The Quarterly Hogs and Pigs Report released March 28 indicated that inventories and farrowing intentions were in line with expectations. Pork production in 2002 is expected to be about 1 percent above last year. Hog prices are expected to average about $40 per cwt, compared with $46 in 2001. Hog and pork prices in early 2002 are running below earlier expectations.

Pork Production Nearly Unchanged in First Half

Commercial pork production in the first quarter of 2002 was fractionally lower than a year earlier. The 2-percent lower expected hog slaughter was partially offset by a 1-pound gain in the average dressed weight. Based on the June-August 2001 pig crop and larger expected imports from Canada, second-quarter hog slaughter is expected to be slightly below a year earlier. Heavier dressed weights are expected to hold production about equal with a year ago.

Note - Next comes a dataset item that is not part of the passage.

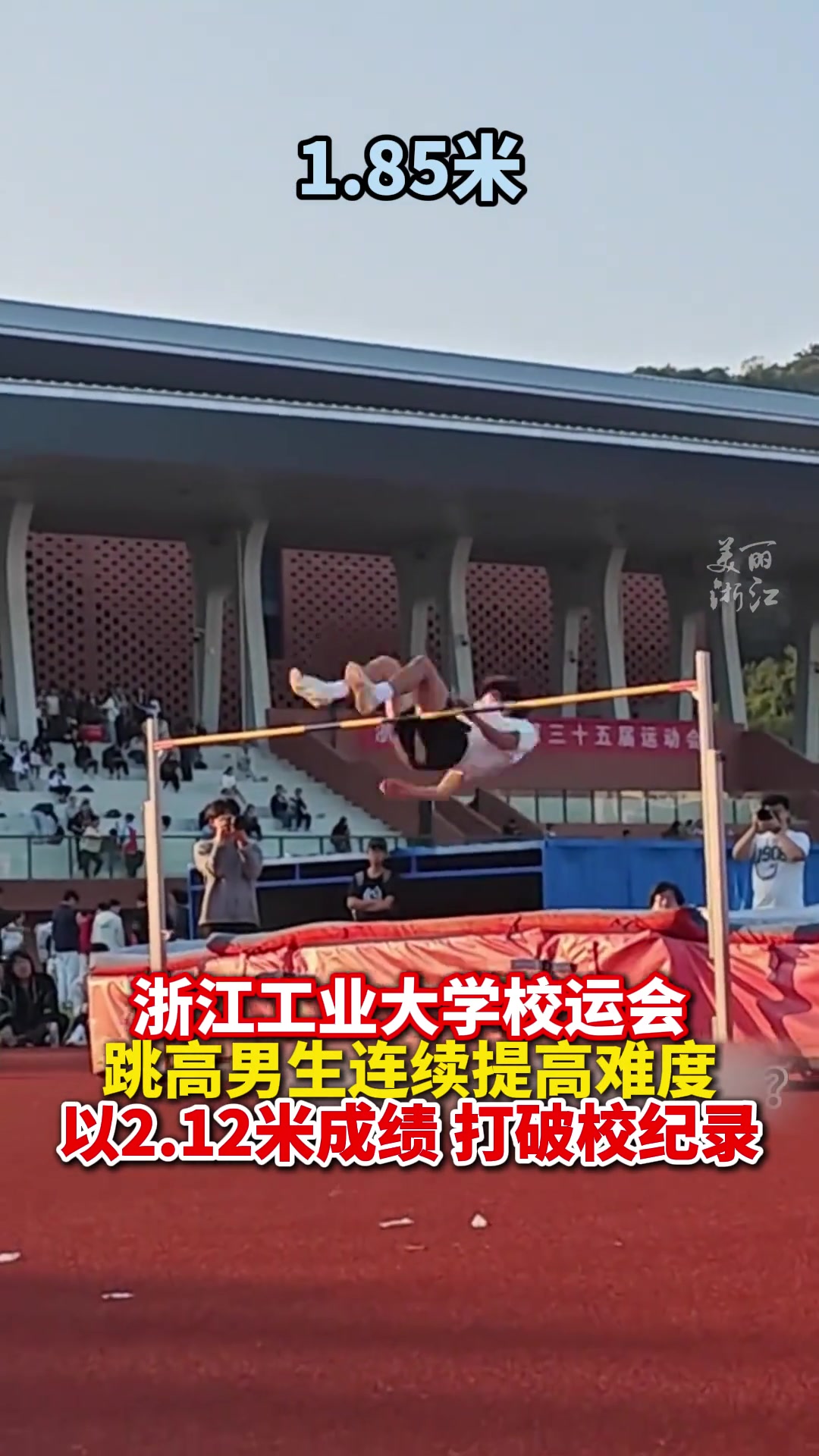 浙工大男生连跳打破校纪录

Hogs and Pigs Report Points to Larger Pig Crop in 2002

The Quarterly Hogs and Pigs Report released March 28 supported both industry expectations and last December’s quarterly report in pointing to a larger pig crop in 2002.

The March report showed that 3 percent more sows farrowed in the December-February quarter than in the same period a year ago. Pigs per litter in the December-February quarter were about the same as in the first quarter last year, with the resulting pig crop about 3 percent ahead of the same period a year ago. The larger pig crop, plus larger expected live imports from Canada, point to a third-quarter 2002 slaughter about 3 percent greater than a year earlier. Additionally, heavier dressed weights are expected to lift third-quarter 2002 production about 4 percent above third-quarter 2001 production.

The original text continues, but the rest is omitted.